▶ INPUT DATA:
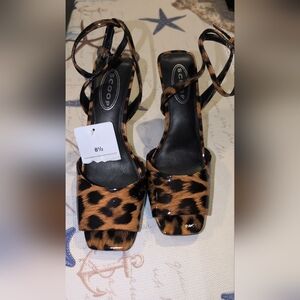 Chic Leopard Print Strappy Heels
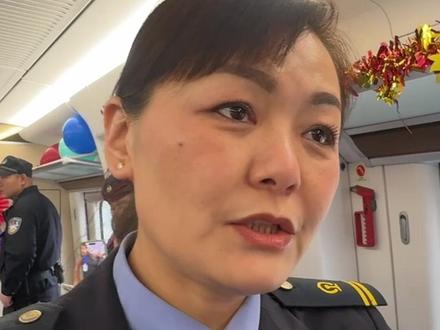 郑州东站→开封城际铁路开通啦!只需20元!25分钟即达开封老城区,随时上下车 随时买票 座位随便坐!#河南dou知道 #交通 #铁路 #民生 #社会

==

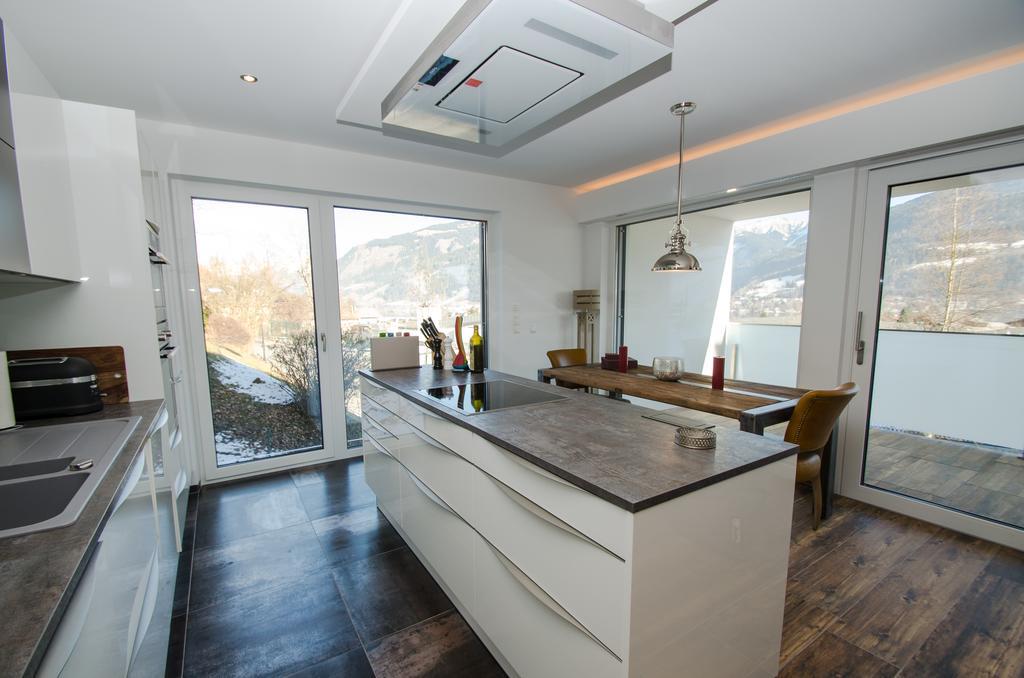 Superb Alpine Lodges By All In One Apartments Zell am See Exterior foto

...

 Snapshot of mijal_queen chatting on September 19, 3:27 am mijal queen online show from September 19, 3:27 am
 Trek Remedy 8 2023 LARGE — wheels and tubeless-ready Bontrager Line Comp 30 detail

▶ ASSIGNMENT:
Return the lines above from the one with "Chic Leopard Print Strappy Heels" through the one with "郑州东站→开封城际铁路开通啦!只需20元!25分钟即达开封老城区,随时上下车 随时买票 座位随便坐!#河南dou知道", verbatim and nothing else. Omit every picture.

▶ SOLUTION TO THIS PROBLEM:
 Chic Leopard Print Strappy Heels
 郑州东站→开封城际铁路开通啦!只需20元!25分钟即达开封老城区,随时上下车 随时买票 座位随便坐!#河南dou知道 #交通 #铁路 #民生 #社会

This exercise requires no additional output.